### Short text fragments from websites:
———
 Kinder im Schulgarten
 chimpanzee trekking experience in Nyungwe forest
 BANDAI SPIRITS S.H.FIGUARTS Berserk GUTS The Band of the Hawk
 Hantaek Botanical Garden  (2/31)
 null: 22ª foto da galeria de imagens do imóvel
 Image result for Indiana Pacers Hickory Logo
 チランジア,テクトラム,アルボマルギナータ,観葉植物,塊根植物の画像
———
### Instructions to follow:
Word for word, repeat the line holding "null: 22ª foto" and all lines after it through the end of the entries above.

### Answer section:
 null: 22ª foto da galeria de imagens do imóvel
 Image result for Indiana Pacers Hickory Logo
 チランジア,テクトラム,アルボマルギナータ,観葉植物,塊根植物の画像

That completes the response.